The Other Side of Twilight 25:04
Moss Dance 5:40
The Walled Garden 10:31
Primes Part 1 5:18
Primes Part 2 6:34
Interlocking Circles 8:33
Geometry of the Skies 13:46
Nesting Ground 6:11
Amrita (Water of Life) 6:59
I completed Numena and Geometry during a time of change and solidification in my life and in my musical style. Musically, these albums marked my transition from the slow-motion improvisational drones typical of my sleep concerts, into a more melodic and rhythmically complex approach. I was beginning to focus more on microtonal tuning systems, and I wanted to explore new musical structures that complimented the intonation, without seeming academic or purely intellectual. I had also come to feel that my earlier drone music required a specialized mode of listening, and I wanted to start making music that people could understand on more levels, while still retaining an element of hypnotic energy. I also gave myself permission to reflect the influences of some of the music that had inspired me: in particular, Terry Riley, Harry Partch, J.S. Bach and Javanese Court Gamelan.
There is a tension that lives inside of me and always manages to percolate through my music. Perhaps this tension reflects the archetypal Jungian dichotomy of masculine and feminine, or Taoist Yin and Yang, but I prefer to call it “shimmer” and “glurp.” Shimmer symbolizes a sort of organizing principle hidden behind appearances, and seems to manifest itself sonically in the more expansive, symmetrical, and airy musical structures. Glurp reflects the organic manifestations of liquid, squelching lifeforms, the experience of animal existence, and creeps into the music as a sort of gurgling, rubbery sensibility, with timbres that melt and droop like Dali’s watches.
On Numena and Geometry, I began to consciously explore this sonic duality. I allowed the dichotomy to show itself in high contrast, through the juxtaposing of two very different stylistic realms. On one hand, the interlocking cyclic melodies and exuberant optimism of the more active pieces evoked for me a spirit of unity and hidden structure; on the other hand, the inward exploration of shadows and dripping subterranean dreamscapes expressed my obsession with biomorphic complexity. (It’s not always so simply delineated – Moss Dance and Geomancy explore the rhythmic side of a ritualized organic dimension, while Geometry of the Skies, Amrita, and The Walled Garden reflect an expansive cosmos through layered drones.) Of course, as with any music, the listener’s own experiences may differ quite a bit from mine.

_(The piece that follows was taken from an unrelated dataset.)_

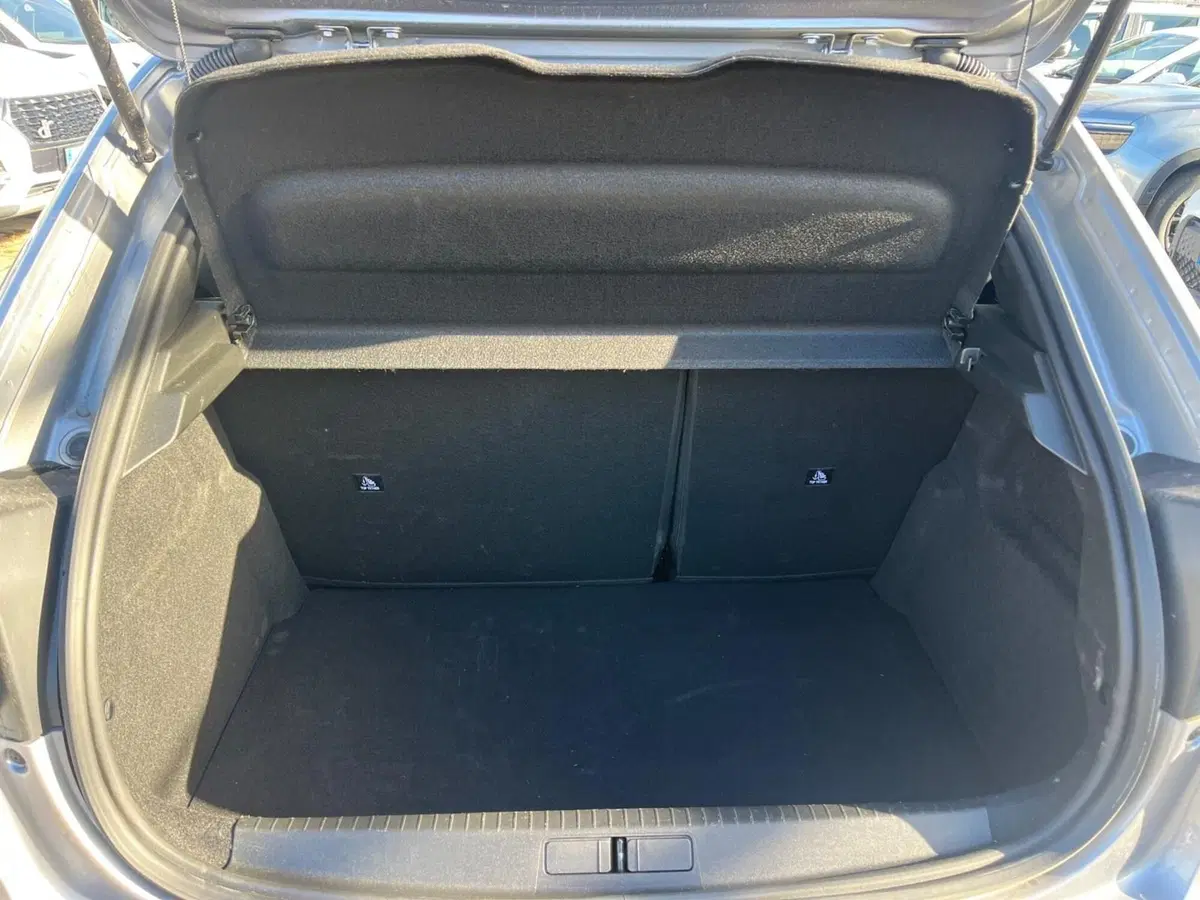 Peugeot 208 usata a Milano (11)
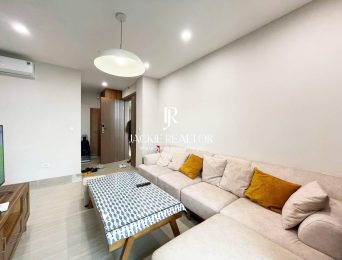 Cozy 2-bedroom apartment for rent at The Link Ciputra (2)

In retrospect, I could criticize this approach for leading to albums that have a split personality, with wild mood swings from synthetic to organic, outer to inner, light to dark. However, at the time I preferred not to resolve the duality. I had hoped to craft a journey through purified realms of experience, intending to leave a residue of understanding, an internal unification of these two realms. This tension between symmetric and organic hopefully created a sort of question, to be resolved through active listening and though the creative involvement of the listener.